You may have noticed this already, but in the ancient and medieval world there was no clear distinction between science and natural magic. There was no place where you could really say magic stops here and science begins. Natural magic and science as we understand it were closely intertwined. Alchemy is, perhaps, the example of this way of thinking that is most easily accessible to contemporary people. Most people are aware that there existed at one time a group of men who conducted chemical experiments designed to discover the philosopher’s stone – a stone that could turn all materials into gold. There was a practical side to this endeavor. Alchemists would play with metals and chemicals, conducting experiments just like a modern chemist – yet they were nothing at all like chemists.
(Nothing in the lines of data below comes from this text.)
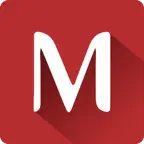 Miracle Report iOS Icon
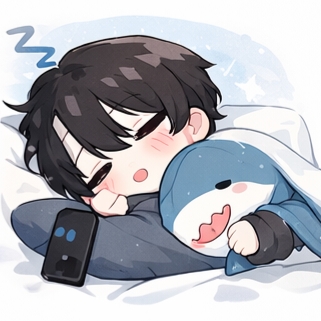 굉장히굉장하군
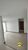 Apartamento, 2 quartos, 68 m² - Foto 1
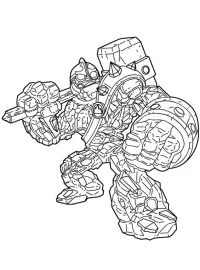 Skylanders/crusher-skylanders.jpg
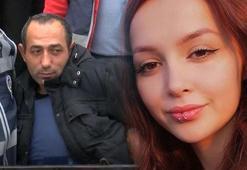 Türkiye'nin kanını donduran cinayette flaş gelişme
They believed that the universe was alive, that some metals were more perfect than others, that the universe had spiritual as well as material properties. In the end you could not be a successful alchemist if you weren’t also a virtuous and pious man. But if you were successful you would be able to exercise a transformative control over nature – turning lead to gold, changing people’s appearance, and healing sickness. Such were the efforts of the great magicians Paracelsus, Richard Boyle, and Isaac Newton himself.
This seems to be very different from maleficium. It’s founded on a view of the earth that, at the time, seemed to be supported by both the Bible and the best educated men leading all the way back to antiquity. While a pagan conception of this view of nature lead to a sort of pantheism a Christian conception gave full glory and power over creation to God. As Christians it seems as though our only real objection to this sort of magic (the magic that gave us herbal medicine and clockwork figures) lies mostly in the realm of the practical. Most of this stuff simply didn’t work, because it didn’t have a sufficient understanding of natural causes. We understand the physical workings of the world better now – no one would deny this. It seems to me, however, that natural magicians, while praising our material accomplishments, would mourn the loss of their spiritual view of nature, and, quite frankly, I think Christians should mourn this too.
Thanks for reading. This is such a huge topic, and there’s so much to be said about natural magic in particular that I just don’t have the time or scope to deal with. I have some good sources though if anyone wants to learn about it from real people. A few good places to start would be the works of Francis Yates, Keith Thomas, Richard Kiekheff (his Magic in the Middle Ages is interesting), and Benjamin Lipscomb’s Magic, Science, and the Ethics of Technology. Next week I’ll do some posts on a topic that a special place in my heart: Faerie and literary magic. I hope to culminate in a post on how I think Christians should regard the magic in Harry Potter on Halloween. It should be fun!
 This was affirmed by the greatest thinkers of the past: Ptolemy, Aristotle, Plato, etc.
 All of these men were well documented alchemists, even Newton, who was actually more interested in alchemy and theology than he was in physics (and a secret heretic!). He definitely did not have a mechanistic view of the universe, and even believed that gravity’s force was more mystical than it was material. Actually, fun fact, quantum physics is kind of backing up this view again.